### WORK TO BE COMPLETED
Please copy exactly the part of the records below that opens with the line containing "So we're going" and closes with the line containing "In my case, the", leaving out any pictures.
── INFORMATION PROVIDED ──
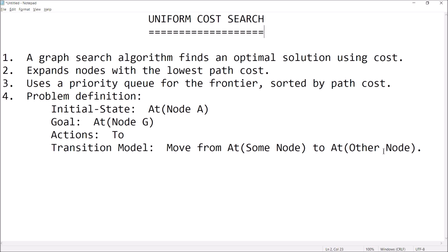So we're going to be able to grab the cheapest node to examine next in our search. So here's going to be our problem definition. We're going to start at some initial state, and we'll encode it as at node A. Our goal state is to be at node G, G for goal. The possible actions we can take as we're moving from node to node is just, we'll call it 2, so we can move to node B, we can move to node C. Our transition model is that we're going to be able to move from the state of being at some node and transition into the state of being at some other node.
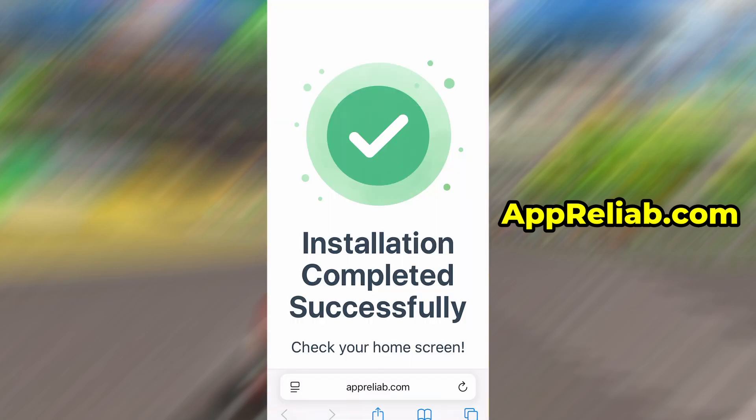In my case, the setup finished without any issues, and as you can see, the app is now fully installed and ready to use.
───
── INFORMATION PROVIDED ──
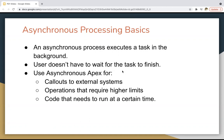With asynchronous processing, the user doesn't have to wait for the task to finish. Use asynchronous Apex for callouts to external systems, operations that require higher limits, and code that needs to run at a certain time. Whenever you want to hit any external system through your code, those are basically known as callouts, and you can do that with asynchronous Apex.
───
### SOLUTION
So we're going to be able to grab the cheapest node to examine next in our search. So here's going to be our problem definition. We're going to start at some initial state, and we'll encode it as at node A. Our goal state is to be at node G, G for goal. The possible actions we can take as we're moving from node to node is just, we'll call it 2, so we can move to node B, we can move to node C. Our transition model is that we're going to be able to move from the state of being at some node and transition into the state of being at some other node.
In my case, the setup finished without any issues, and as you can see, the app is now fully installed and ready to use.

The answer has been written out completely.